• _RECORDS PROVIDED_:

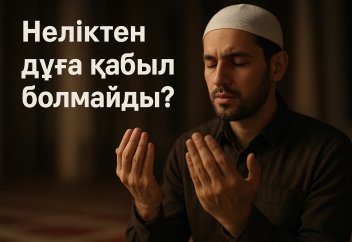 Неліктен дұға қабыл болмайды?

==

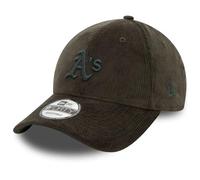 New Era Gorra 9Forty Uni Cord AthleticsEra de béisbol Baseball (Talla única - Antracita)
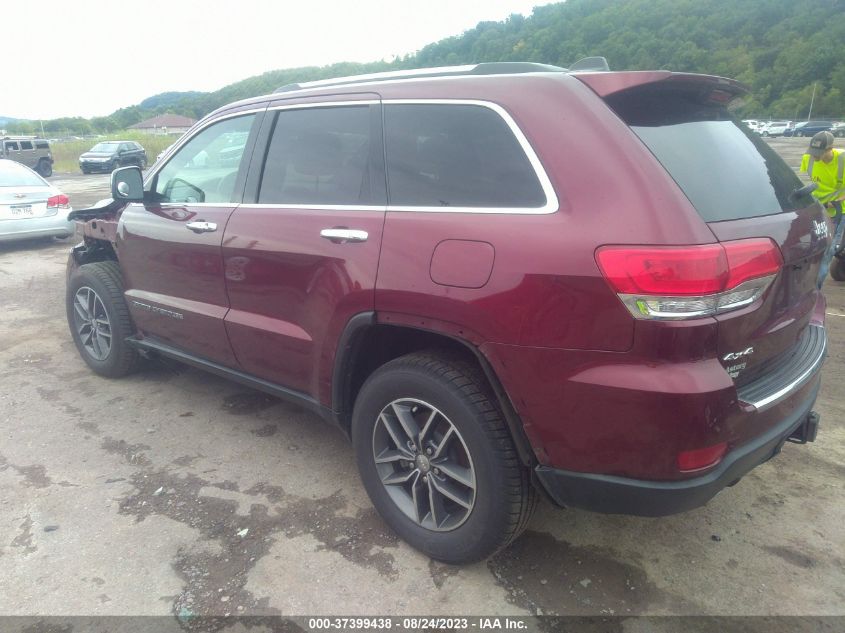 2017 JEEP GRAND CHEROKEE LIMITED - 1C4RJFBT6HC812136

--

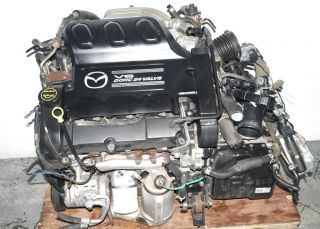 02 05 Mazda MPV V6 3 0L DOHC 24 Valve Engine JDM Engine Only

• _TASK ITEM_:
Write out the lines above from the one with "New Era Gorra" through the one with "2017 JEEP GRAND", ends included, exactly; no picture goes in.

• _SOLUTION BELOW_:
 New Era Gorra 9Forty Uni Cord AthleticsEra de béisbol Baseball (Talla única - Antracita)
 2017 JEEP GRAND CHEROKEE LIMITED - 1C4RJFBT6HC812136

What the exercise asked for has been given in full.